Han pasado seis días desde el debate de la sexta y todavía colea en las tertulias. Tuvo más de nueve millones de espectadores, una cifra que habla de la necesidad que hay de ver a los políticos confrontando sus ideas cara a cara. Sobre todo a estos, que son casi todos nuevos.

Dejando aparte el feo de Rajoy mirando desde Doñana cómo su vicepresidenta le sustituía, un insulto a los ciudadanos y a la democracia y un acto de inusitada cobardía, repasemos algunas cosas de las que allí se vieron.

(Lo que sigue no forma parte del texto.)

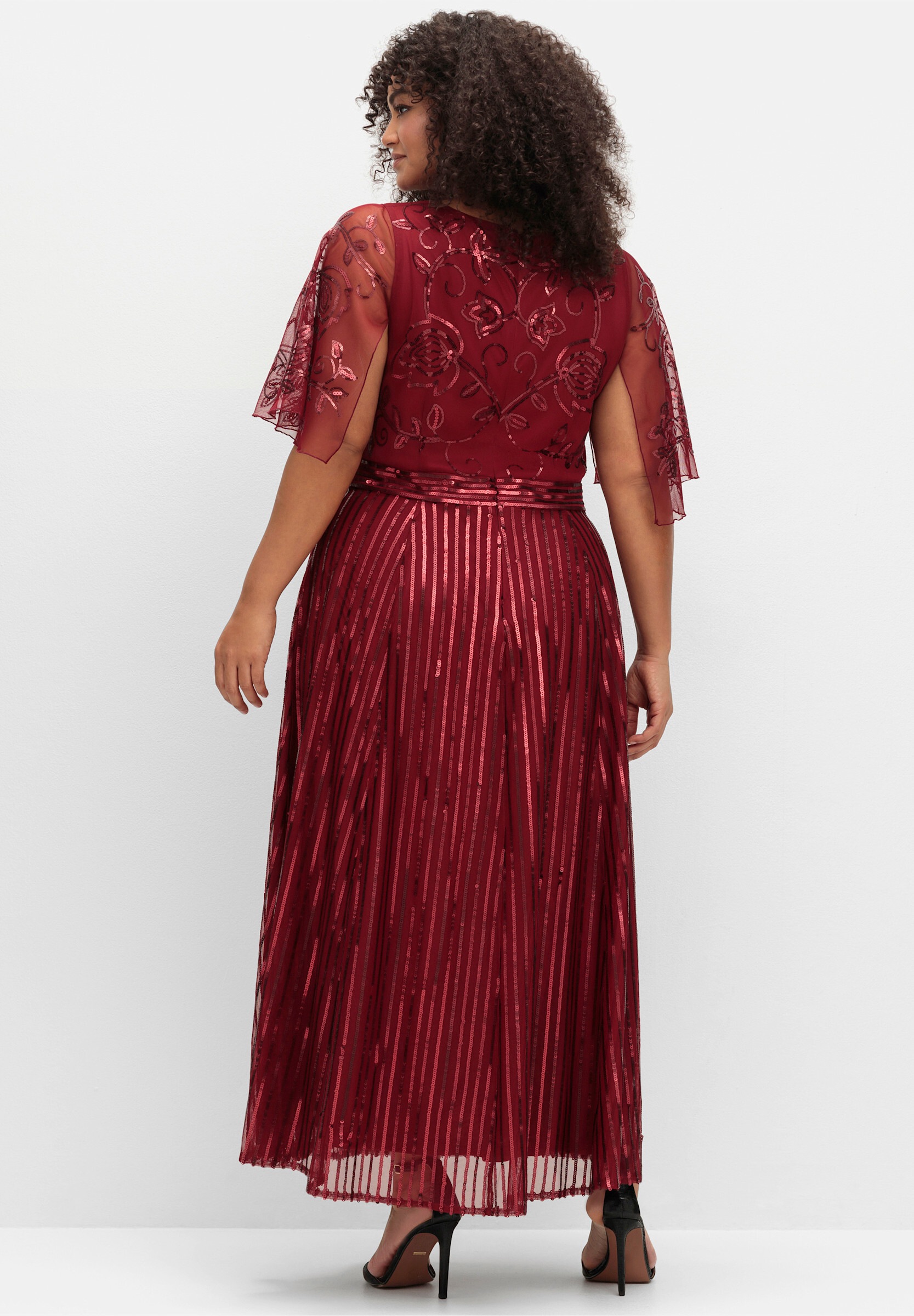 Sheego Cocktailkleid »Abendkleid Abendkleid mit Paillettenbesatz« Ohne Taschen mit Pailletten und Meshrock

Vimos a Soraya Sáenz de Santamaría manejando las cifras como un malabarista las pelotas o las mazas, y cómo se le caían demasiadas veces como para ilusionar a nadie, y cómo las recogía sonriendo malévola y las volvía a lanzar al aire a ver si ahora sí, y cómo, una vez que se dio cuenta de que ese no era su juego, mejoró de manera considerable cuando recordó que era la única mujer del debate y que eso había que explotarlo mediáticamente. Vimos a Pedro Sánchez componiendo caras como para una sesión de fotos electorales y moviéndose adelante y atrás como si hubiera una rayuela pintada en el suelo y él buscara el cielo a la desesperada, y cómo se había aprendido unas frases de memoria tan bien (gravadas a fuego en su cabeza) que apenas tenía fuelle para vocalizar con coherencia cualesquiera otras que acudieran a su boca, y cómo eso le iba cabreando a fuego lento sin atreverse a mostrarlo por miedo a parecer intolerante consigo mismo o vacío de ideas o un niño al que le hubieran obligado a acostarse sin poder ver el final de una película de dibujos animados. Vimos a Albert Rivera liando cigarrillos en el aire y cómo se le iban cayendo uno detrás de otro, y cómo eso le desconcentraba y hacía que sus palabras parecieran humo (tanta necesidad tenía de una calada él que, si no me equivoco, en realidad no fuma), y cómo cuando por fin engarzaba un par de silogismos se paraba a extasiarse con ellos tanto que se quedaban tristemente desconectados de lo demás, y cómo, de no haber sido tan caballeroso, le hubiera puesto una zancadilla a la vicepresidenta y otra al candidato del PSOE para que se cayeran de bruces antes de alcanzar la meta. Y vimos a Pablo Iglesias pidiendo turno con un boli bic en la mano como si siguiera siendo estudiante de instituto, y firme sobre sus pies porque a él no le temblaba el plató como a los otros sino que se sentía como si estuviera en el salón de su casa viendo malas películas con una pizza en la mano, y cómo lograba que los demás se pusieran más nerviosos pidiéndoles que no se pusieran nerviosos, y cómo consiguió transmitir ganas de sexo mientras los otros se enredaban en retóricas amorosas trasnochadas.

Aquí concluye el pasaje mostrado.